As it has been known by all creatures on earth (maybe except lawyers), the U.S. Library of Congress issued a statement on Monday that legalized “jailbreaking” wireless telephone handsets.

It is no doubt a good news for jailbreakers, the unauthorized App developers, as well as iPhone buyers. Now you can strut up to the black corner of the computer arcade, looking straight inside the eyes of the guy who knows how to satisfy your desire (of anything that Jobs don't want you do, such as watching flash video), and speak laudly: "break it, please."

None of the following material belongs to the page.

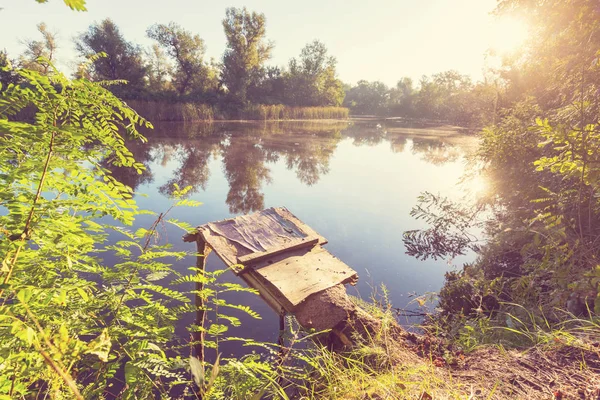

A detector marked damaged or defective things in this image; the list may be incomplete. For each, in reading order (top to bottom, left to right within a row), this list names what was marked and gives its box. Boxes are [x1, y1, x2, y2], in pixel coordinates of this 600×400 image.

broken wooden plank [238, 236, 322, 268]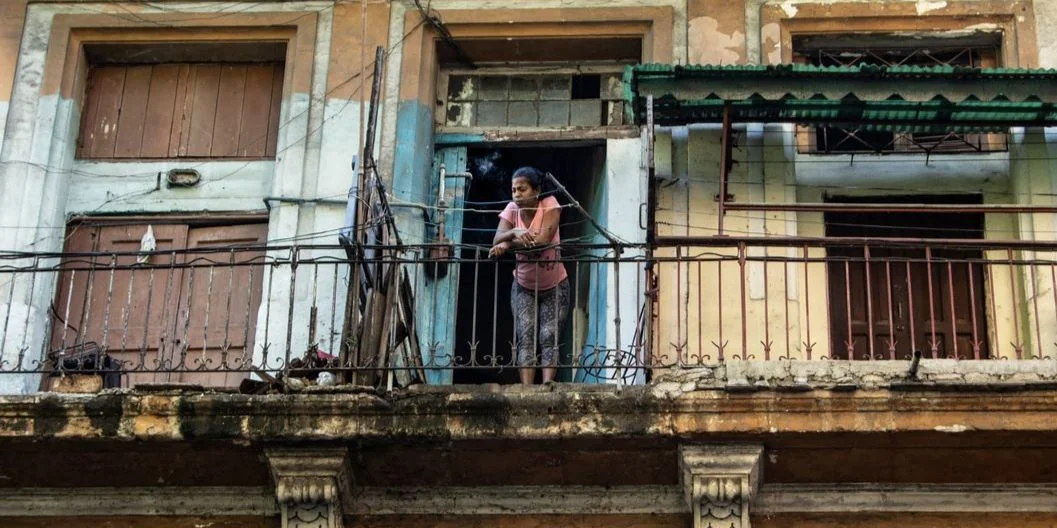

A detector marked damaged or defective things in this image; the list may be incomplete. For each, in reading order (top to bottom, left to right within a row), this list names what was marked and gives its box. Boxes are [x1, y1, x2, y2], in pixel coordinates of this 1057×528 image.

peeling paint [912, 0, 944, 16]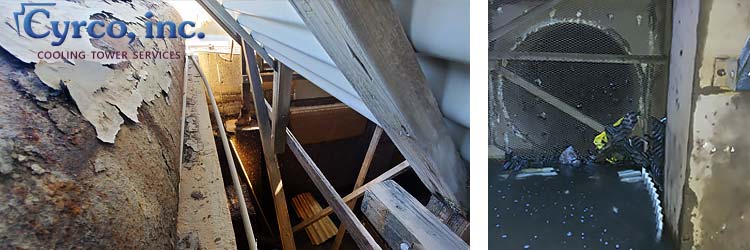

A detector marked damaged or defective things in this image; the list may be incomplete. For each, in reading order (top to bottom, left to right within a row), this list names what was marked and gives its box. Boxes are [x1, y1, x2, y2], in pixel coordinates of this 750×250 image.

"Wait, wait! It's an iPod ... OK ... if you like to call it iTouch, then it is an iTouch... It's not an iPhone, I mean ... not a telephone handset."

"What?"

Let's stop the drama and go back to the law:

At least from the literal meaning of the newly annouced exemption, iTouch owners may be excluded from the benificiaries. Here is the fulltext of the exemption:

... Persons making noninfringing uses of the following six classes of works will not be subject to the prohibition against circumventing access controls (17 U.S.C. § 1201(a)(1)) until the conclusion of the next rulemaking.
...
(2) Computer programs that enable wireless telephone handsets to execute software applications, where circumvention is accomplished for the sole purpose of enabling interoperability of such applications, when they have been lawfully obtained, with computer programs on the telephone handset.
...

Is an iTouch a "wireless telephone handset"? I don't know. At least Apple, even before such exemption promulgated, has already said it isn't a telephone - it is a great iPod, a pocket computer and a game player, but not a telephone... because only iPhone will be a telephone. (How about iPad 3G? Too big to be a "handset"?)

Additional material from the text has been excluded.